Pitfall: setting a nonzero local_ttl alongside streaming creates two sources of truth — the stream says “current” while the TTL silently expires entries. Let the stream own freshness and use the poll only as a backstop.

Step 2 — Wire reconnection with backoff and resync

A streaming connection will drop. On reconnect, do a full resync rather than assuming you only missed the latest event.

import { OpenFeature } from '@openfeature/server-sdk';

provider.on('reconnecting', () => metrics.increment('flag.stream.reconnect'));
provider.on('ready', async () => {
  await provider.resyncFlags();           // pull full state, not just a delta
  metrics.gauge('flag.stream.connected', 1);
});
provider.on('error', () => metrics.gauge('flag.stream.connected', 0));

Pitfall: applying only the delta after a gap leaves a node permanently stale for any flag changed during the disconnect. Always resync the full set. See exponential backoff for SDK reconnection for the backoff curve.

Step 3 — Fall back to polling where streaming is impractical

Behind strict proxies or in serverless runtimes that recycle connections, a short poll is more reliable than a stream that constantly re-establishes.

# serverless-sync.yaml — polling-only profile
sync:
  provider: polling
  uri: "https://flagd.internal/flags"
  poll_interval_ms: 5000        # tighten interval to shrink the staleness window
cache:
  local_ttl: 5s
  fallback: last_known_good

Pitfall: every replica polling on the same fixed interval synchronizes into a thundering herd. Add jitter (±20%) to the interval so requests spread across the window.

Verification & Testing

Prove propagation latency rather than assuming it. Flip a canary flag and measure the time until every replica reports the new variant.

# Flip the flag, then poll each replica's evaluation endpoint until consistent
flagctl set web.dashboard.new-nav --variant on
for host in $(cat replicas.txt); do
  curl -s "$host/debug/flags/web.dashboard.new-nav" | jq -r '.variant'
done | sort -u   # expect a single line "on" within your latency budget

For streaming, assert reconnect behavior by killing the connection (block the port for 5s) and confirming a full resync fires on recovery.

Troubleshooting & FAQ

Why is a flag change not reaching some replicas?

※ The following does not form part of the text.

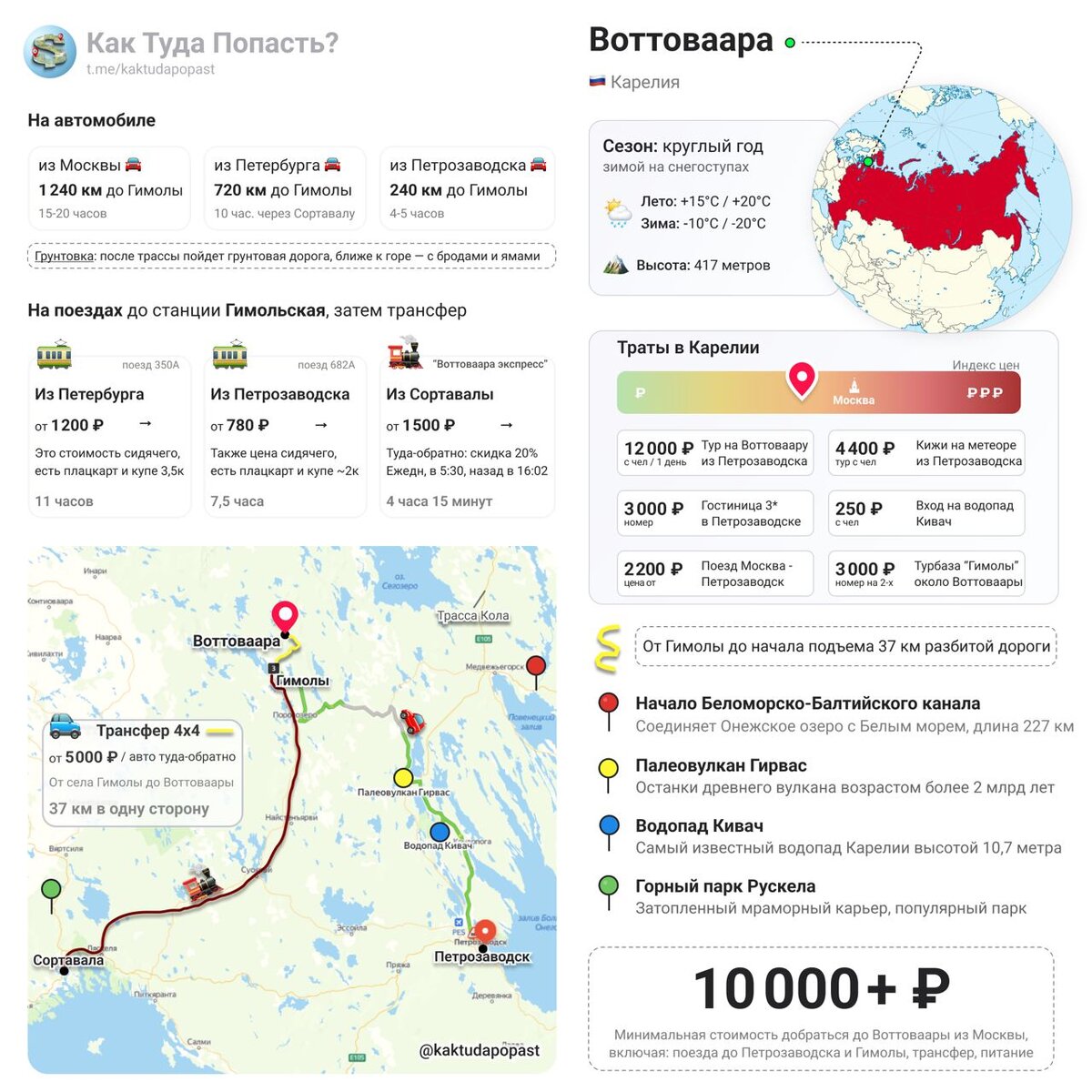 Как они сюда попали. На то как туда попасть. На то как туда попасть. Смотришь и не понимаешь как они туда попали. Озеро кезеной ам на карте.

On streaming, those replicas almost certainly lost the connection and resynced from a stale snapshot, or never reconnected — check your flag.stream.connected gauge. On polling, the change simply hasn’t reached the next tick yet, or the replica’s poll is failing silently; verify the poll response status.

How small can I make the polling interval?

Small enough to meet your propagation budget, large enough that replicas ÷ interval stays within the control plane’s request budget. Below ~1s, the request volume usually justifies switching to streaming instead.

Do I still need a cache if I’m streaming?

Yes — the local rule set the stream maintains is the cache. The stream keeps it fresh; the last_known_good fallback keeps evaluation working through a control-plane outage. Caching strategy is covered in distributed caching for flag evaluations.

Performance & Scale Considerations

Budget propagation as part of your rollout SLA, not as an afterthought. For a fleet of N replicas, polling costs roughly N ÷ interval requests per second against the control plane; streaming costs N persistent connections plus a burst of resyncs whenever the control plane redeploys. Above a few hundred replicas, prefer streaming with a generous fallback poll and stagger replica restarts so resyncs don’t arrive as one spike. Keep the evaluation path itself local so transport hiccups never add latency to a request — that separation is the whole point of backend evaluation.